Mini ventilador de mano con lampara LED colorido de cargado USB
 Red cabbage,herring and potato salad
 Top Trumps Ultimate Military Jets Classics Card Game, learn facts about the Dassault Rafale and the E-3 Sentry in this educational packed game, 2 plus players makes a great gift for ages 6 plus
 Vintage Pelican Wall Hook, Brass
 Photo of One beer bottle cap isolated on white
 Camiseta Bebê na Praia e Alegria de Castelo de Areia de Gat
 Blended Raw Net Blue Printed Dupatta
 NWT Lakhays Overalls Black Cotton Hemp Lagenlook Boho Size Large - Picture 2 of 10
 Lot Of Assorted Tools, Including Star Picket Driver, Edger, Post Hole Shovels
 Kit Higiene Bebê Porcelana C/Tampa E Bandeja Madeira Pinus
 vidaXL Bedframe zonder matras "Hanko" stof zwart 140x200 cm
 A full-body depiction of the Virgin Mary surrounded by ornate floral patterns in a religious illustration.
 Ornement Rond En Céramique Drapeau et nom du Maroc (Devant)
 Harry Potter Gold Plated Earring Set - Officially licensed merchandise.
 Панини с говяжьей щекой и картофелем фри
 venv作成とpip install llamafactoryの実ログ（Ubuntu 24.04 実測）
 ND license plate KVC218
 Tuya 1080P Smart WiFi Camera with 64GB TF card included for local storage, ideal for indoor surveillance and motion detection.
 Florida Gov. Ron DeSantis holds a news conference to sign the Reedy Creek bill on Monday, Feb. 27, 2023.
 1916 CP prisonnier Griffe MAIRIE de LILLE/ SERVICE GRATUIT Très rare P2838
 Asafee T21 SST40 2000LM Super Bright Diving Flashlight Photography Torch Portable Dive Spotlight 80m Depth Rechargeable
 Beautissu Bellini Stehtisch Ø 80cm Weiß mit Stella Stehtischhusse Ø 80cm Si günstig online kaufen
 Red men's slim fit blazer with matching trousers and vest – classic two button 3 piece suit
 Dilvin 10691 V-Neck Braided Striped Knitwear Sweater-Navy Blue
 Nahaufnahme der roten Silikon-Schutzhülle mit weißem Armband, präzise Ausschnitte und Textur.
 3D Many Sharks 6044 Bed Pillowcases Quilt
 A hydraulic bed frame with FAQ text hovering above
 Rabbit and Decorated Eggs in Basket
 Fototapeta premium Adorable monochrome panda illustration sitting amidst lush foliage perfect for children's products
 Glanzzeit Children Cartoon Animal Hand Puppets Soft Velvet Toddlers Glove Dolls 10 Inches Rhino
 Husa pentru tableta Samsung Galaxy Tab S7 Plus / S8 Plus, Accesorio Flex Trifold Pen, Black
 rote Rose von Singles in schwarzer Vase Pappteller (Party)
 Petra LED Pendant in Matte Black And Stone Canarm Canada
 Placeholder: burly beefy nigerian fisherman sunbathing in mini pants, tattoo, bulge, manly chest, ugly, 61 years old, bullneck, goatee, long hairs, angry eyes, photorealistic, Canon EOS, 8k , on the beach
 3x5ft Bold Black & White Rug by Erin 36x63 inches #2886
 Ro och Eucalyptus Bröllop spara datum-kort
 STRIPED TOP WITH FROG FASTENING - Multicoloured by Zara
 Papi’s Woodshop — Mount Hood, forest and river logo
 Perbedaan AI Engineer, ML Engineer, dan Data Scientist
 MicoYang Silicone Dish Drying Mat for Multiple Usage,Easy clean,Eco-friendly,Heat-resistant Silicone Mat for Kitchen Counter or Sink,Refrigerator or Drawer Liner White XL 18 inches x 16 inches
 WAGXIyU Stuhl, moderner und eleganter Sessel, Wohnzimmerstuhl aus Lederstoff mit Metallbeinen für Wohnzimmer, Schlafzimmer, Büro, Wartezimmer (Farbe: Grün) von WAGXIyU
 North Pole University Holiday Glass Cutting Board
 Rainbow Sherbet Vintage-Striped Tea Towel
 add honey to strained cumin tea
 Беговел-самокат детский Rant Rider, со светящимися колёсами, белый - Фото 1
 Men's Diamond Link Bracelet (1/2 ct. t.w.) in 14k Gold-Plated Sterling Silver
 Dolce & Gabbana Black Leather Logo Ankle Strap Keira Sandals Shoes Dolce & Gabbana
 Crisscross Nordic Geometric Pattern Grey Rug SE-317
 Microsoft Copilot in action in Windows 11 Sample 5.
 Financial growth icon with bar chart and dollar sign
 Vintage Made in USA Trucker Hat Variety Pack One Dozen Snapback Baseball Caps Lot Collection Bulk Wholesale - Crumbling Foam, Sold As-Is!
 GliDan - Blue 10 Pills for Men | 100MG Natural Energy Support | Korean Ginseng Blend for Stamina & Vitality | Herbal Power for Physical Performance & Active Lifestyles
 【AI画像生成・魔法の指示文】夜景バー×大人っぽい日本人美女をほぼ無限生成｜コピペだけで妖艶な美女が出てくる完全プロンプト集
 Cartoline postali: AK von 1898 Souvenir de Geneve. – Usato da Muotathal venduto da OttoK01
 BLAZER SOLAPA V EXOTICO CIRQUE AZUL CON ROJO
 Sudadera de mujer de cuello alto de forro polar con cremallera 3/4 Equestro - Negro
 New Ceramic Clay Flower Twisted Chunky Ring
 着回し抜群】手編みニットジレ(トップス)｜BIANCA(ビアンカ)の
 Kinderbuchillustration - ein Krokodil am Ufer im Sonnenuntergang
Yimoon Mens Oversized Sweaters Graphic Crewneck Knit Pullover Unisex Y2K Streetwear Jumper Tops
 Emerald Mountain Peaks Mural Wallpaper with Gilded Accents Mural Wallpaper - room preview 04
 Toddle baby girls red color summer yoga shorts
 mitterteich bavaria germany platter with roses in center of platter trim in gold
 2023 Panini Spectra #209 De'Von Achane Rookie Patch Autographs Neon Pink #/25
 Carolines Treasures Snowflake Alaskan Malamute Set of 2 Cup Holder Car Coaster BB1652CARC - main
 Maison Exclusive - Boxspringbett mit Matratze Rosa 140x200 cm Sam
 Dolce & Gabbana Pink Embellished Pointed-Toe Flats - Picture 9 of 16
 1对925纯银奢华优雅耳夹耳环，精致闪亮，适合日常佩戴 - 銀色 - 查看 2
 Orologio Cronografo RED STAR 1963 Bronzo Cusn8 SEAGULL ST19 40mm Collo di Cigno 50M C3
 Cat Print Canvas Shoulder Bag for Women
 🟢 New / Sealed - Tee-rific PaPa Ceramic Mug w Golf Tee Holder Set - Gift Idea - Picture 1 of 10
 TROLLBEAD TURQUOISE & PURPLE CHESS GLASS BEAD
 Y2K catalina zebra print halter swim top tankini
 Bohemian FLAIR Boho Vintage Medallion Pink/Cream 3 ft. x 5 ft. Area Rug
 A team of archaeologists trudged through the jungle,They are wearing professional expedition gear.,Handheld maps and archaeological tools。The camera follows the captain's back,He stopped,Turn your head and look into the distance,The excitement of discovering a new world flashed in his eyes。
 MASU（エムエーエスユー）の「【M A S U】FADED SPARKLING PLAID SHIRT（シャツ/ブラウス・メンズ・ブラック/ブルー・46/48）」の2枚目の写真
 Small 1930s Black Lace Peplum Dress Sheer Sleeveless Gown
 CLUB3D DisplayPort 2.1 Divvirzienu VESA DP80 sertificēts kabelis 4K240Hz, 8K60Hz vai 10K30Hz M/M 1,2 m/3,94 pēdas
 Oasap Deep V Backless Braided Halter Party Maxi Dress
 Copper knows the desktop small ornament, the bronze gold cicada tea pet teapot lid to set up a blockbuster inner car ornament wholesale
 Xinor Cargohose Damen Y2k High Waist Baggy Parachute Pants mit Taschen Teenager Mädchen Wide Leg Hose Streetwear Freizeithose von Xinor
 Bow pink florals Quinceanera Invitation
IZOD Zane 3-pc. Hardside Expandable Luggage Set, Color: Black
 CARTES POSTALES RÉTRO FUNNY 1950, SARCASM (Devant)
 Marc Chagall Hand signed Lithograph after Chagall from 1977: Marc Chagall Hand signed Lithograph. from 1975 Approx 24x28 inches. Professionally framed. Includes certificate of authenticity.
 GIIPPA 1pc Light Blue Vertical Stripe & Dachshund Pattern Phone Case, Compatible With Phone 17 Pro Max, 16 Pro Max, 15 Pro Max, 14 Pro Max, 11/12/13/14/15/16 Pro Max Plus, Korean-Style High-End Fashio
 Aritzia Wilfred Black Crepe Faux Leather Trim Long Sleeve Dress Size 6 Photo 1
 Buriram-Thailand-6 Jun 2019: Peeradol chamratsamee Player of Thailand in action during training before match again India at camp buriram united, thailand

+ + + +

▶ PROBLEM TO SOLVE:
What is needed is a verbatim copy of every line in the records above from the one containing "Maison Exclusive - Boxspringbett" down to the one containing "Cat Print Canvas Shoulder Bag for Women", both included, and nothing more.

▶ OUTPUT:
 Maison Exclusive - Boxspringbett mit Matratze Rosa 140x200 cm Sam
 Dolce & Gabbana Pink Embellished Pointed-Toe Flats - Picture 9 of 16
 1对925纯银奢华优雅耳夹耳环，精致闪亮，适合日常佩戴 - 銀色 - 查看 2
 Orologio Cronografo RED STAR 1963 Bronzo Cusn8 SEAGULL ST19 40mm Collo di Cigno 50M C3
 Cat Print Canvas Shoulder Bag for Women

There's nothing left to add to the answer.